Sorry I don't really have any advice, other than just try to get through it. It is not the end of the world and once you graduate no one will ever care or remember if you were crap at gym class or not. Just try your best and try not to let the jerks get you down.


----------



## Anonymous45 (Feb 3, 2014)

Skip class that's what I did 
My PE class was unorganized my teacher didn't know I was in his class because I was so quiet and it was like February so I quit showing up


----------



## ShatteredGlass (Oct 12, 2012)

I *****ing hate P.E. Hate it with a PASSION. I'm getting my mum to write me a note so that I hopefully don't have to do it. Yay. 

I am also skinny and a slow runner. Hardly anyone passes me the ball (thankfully) either. When they do, I don't know what to do with it, so I just pass it to the person calling for it.
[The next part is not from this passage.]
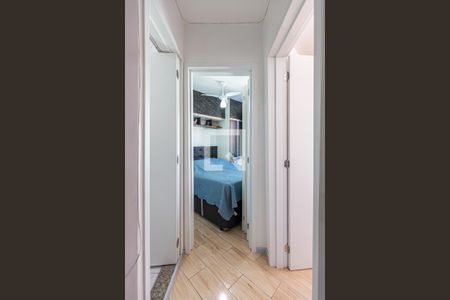 Corredor de apartamento à venda com 2 quartos, 56m² em Vila Scarpelli, Santo André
I actually can't swim at all...

One hour of gym a DAY? WUT DA ***.

I have 3 hours a week...


----------



## Agalychnis (Feb 25, 2014)

I disagree with the idea that SA and lack of talkent in sport go hand-in-hand. I used to swim for my city (but had to quit as I could no longer go onto pool side). Anyway, we only have PE once week now  and usually it's just abdminton with my best friend. I think as you go up the school you do less and less. That's how it is here anyway.


----------



## ZADY (Nov 11, 2013)

I feel you, man. It sucks. Our teachers like to do the stupid warm up activities one by one while everyone else watches and wait their turn. I get so embarrassed and start doing weird things in front of everyone out of nervousness. The activities are so stupid, man. Skipping sideways, sprinting, walking backwards...in front of everyone. Worst of all is that they make it into a race and who will be the fastest. We do get teamed for racing activities but we still do it one person at a time and of course I'm the reason my team loses, then everyone hates me for the rest of the day. That's just the warm ups.


----------